SUSE releases enterprise Linux for all major ARM processors

SUSE Linux Enterprise Server has been around a while, but this is the first official release.

SUSE releases enterprise Linux for all major ARM processors
Thinkstock/SUSE

SUSE has released its enterprise Linux distribution, SUSE Linux Enterprise Server (SLES), for all major ARM server processors. It also announced the general availability of SUSE Manager Lifecycle.

SUSE is on par with the other major enterprise Linux distributions — Red Hat and Ubuntu — in the x86 space, but it has lagged in its ARM support. It’s not like SLES for ARM is only now coming to market for the first time, either.
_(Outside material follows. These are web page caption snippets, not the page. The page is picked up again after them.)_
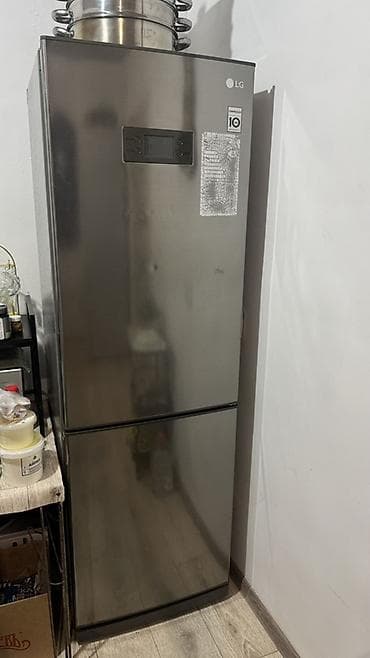 холодильник lj: Холодильник LG, Б/у, Двухкамерный, Total no frost — 1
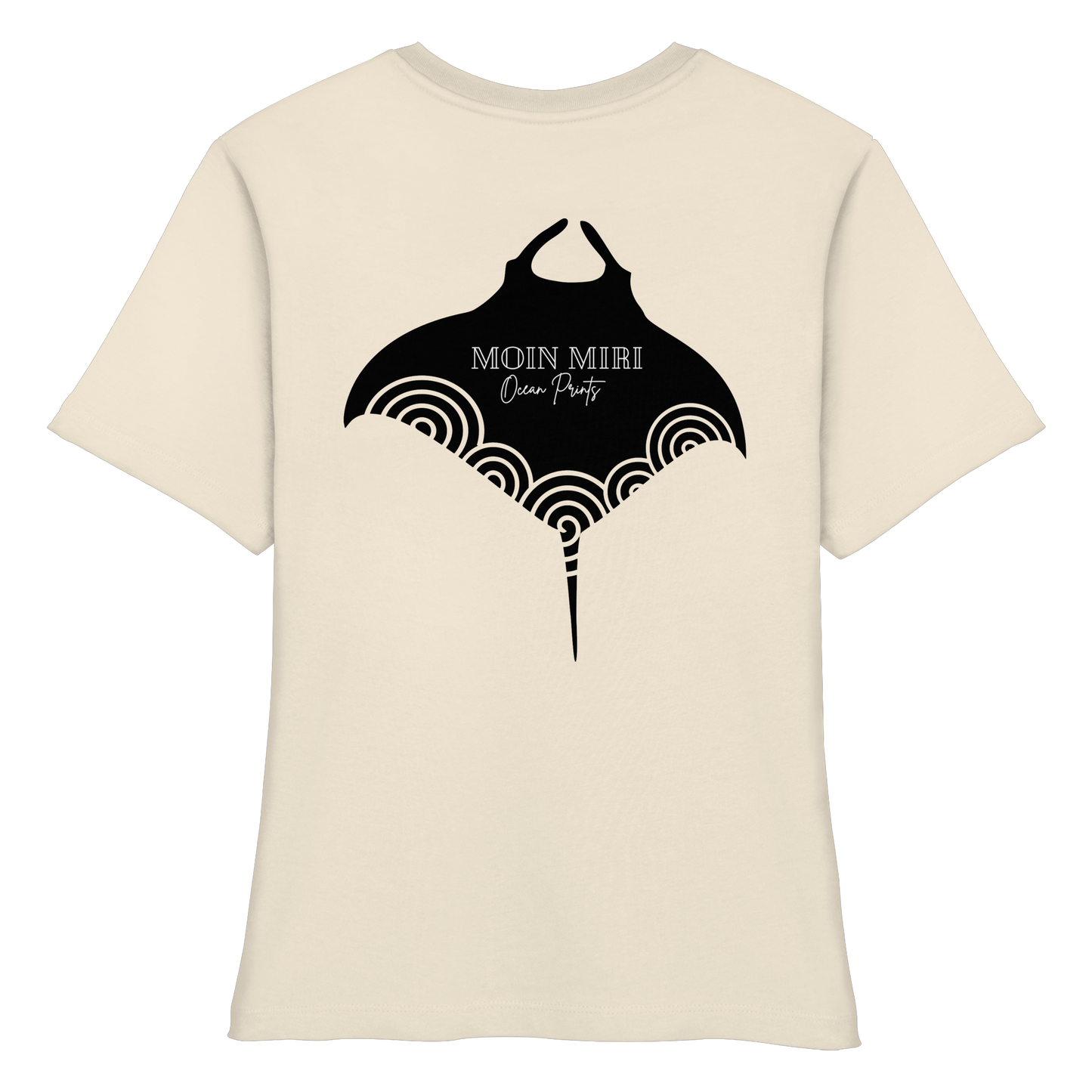 Black Manta - Drops - Back Print - Fitted Ladies Organic Shirt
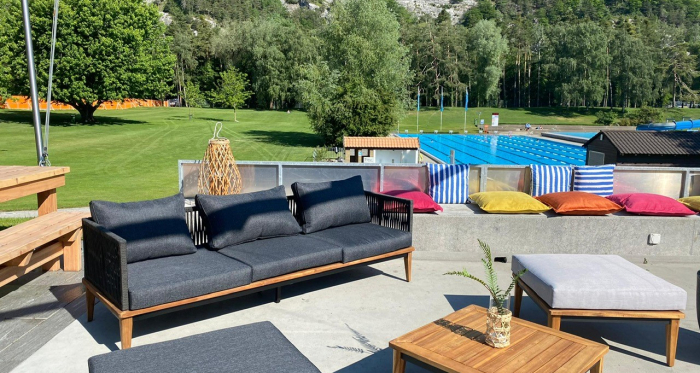 Outdoor Lounge Bar Freibad Obere Au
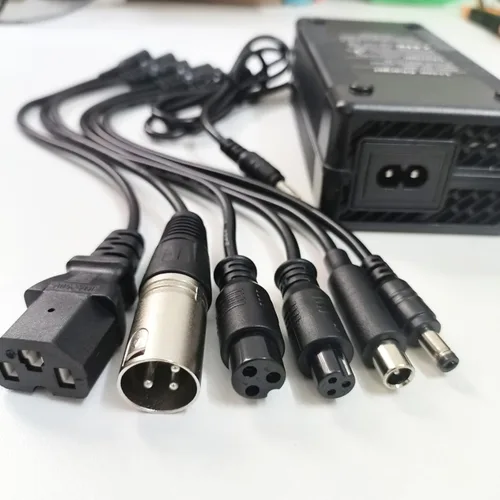 Miniatura 2 de Cargador eléctrico certificado de 54.6V 2A (7 enchufes) universal para batería de 48 V – Compatible con Rad Power, Lectric XP 2.0/3.0, HOVERFLY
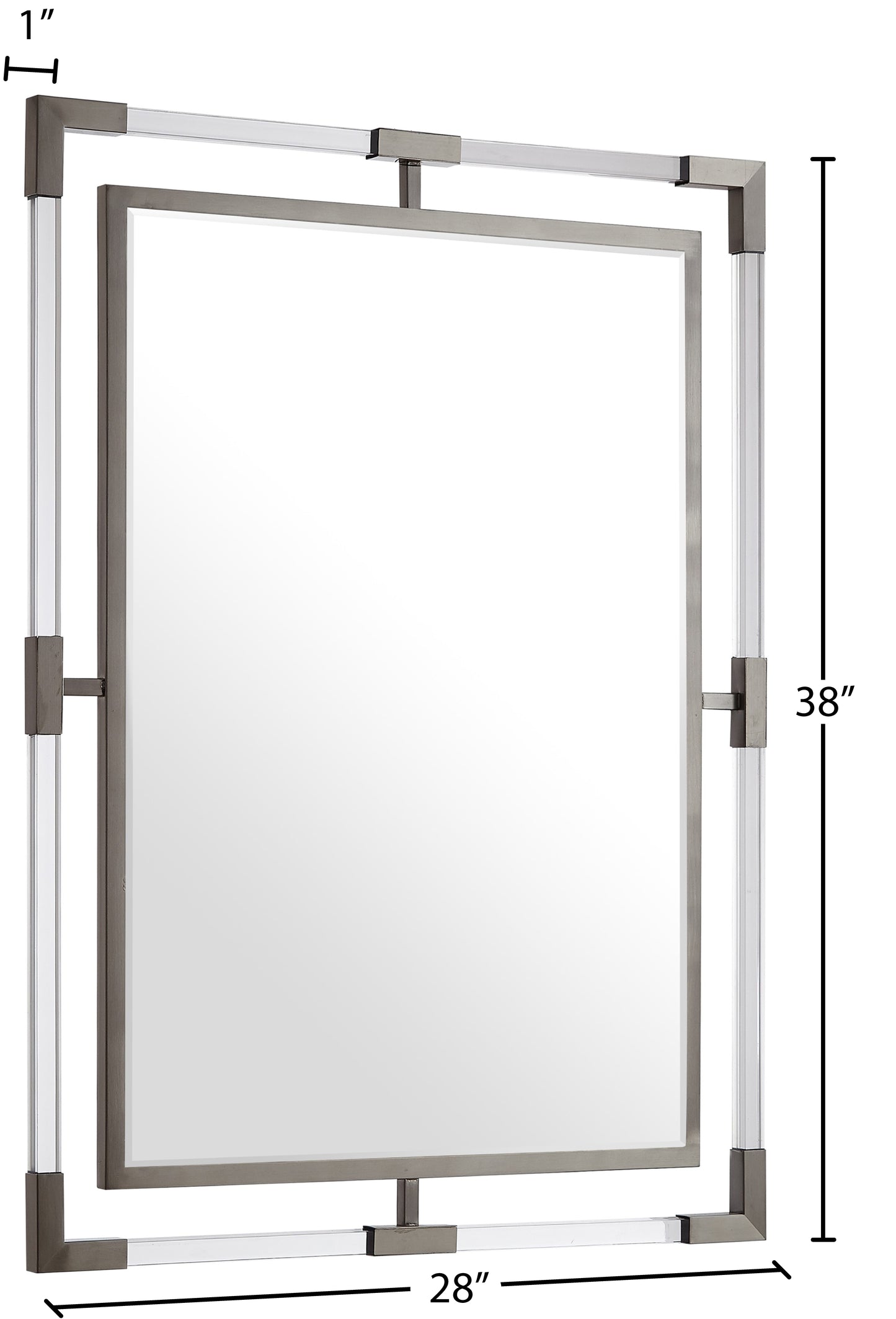 oxford chrome mirror m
It has been available for several years, but on a limited basis.

"Previously, SUSE subscriptions for the ARM hardware platforms were only available to SUSE Partners due to the relative immaturity of the ARM server platform," Jay Kruemcke, a senior product manager at SUSE, wrote in a blog post announcing the availability.

"Now that we have delivered four releases of SUSE Linux Enterprise Server for ARM and have customers running SUSE Linux on ARM servers as diverse as the tiny Raspberry Pi and the high-performance HPE Apollo 70 servers, we are now ready to sell subscriptions directly to customers," he added.

SLES is available for a variety of ARM server processors, including chips from Cavium, Broadcom, Marvell, NXP, Ampere, and… Qualcomm Centriq. Well, who can blame them for taking Qualcomm seriously?

sles15 arm enablement 1024x809 SUSE

Because it covers such a wide range of processors, the company has come up with a rather complex approach to pricing — and Kruemcke spent a lot of time on the subject. So much so he didn’t get into technical details. Kruemcke said the company is using a model that has “core-based pricing for lower-end ARM hardware and socket-based pricing for everything else."

Servers with fewer than 16 cores are priced based on the number of groups of four processor cores. Each group of four cores, up to 15 cores, requires a four-core group subscription that is stackable to a maximum four subscriptions. The number of cores is rounded up to the nearest group of four cores; therefore, a server with 10 cores would require three four-core group subscriptions.

Servers with 16 or more cores use the traditional 1-2 socket-based pricing.

Subscriptions for SUSE Linux Enterprise Server for Arm and SUSE Manager Lifecycle for ARM are now available directly to customers through the corporate price list or through the SUSE Shop.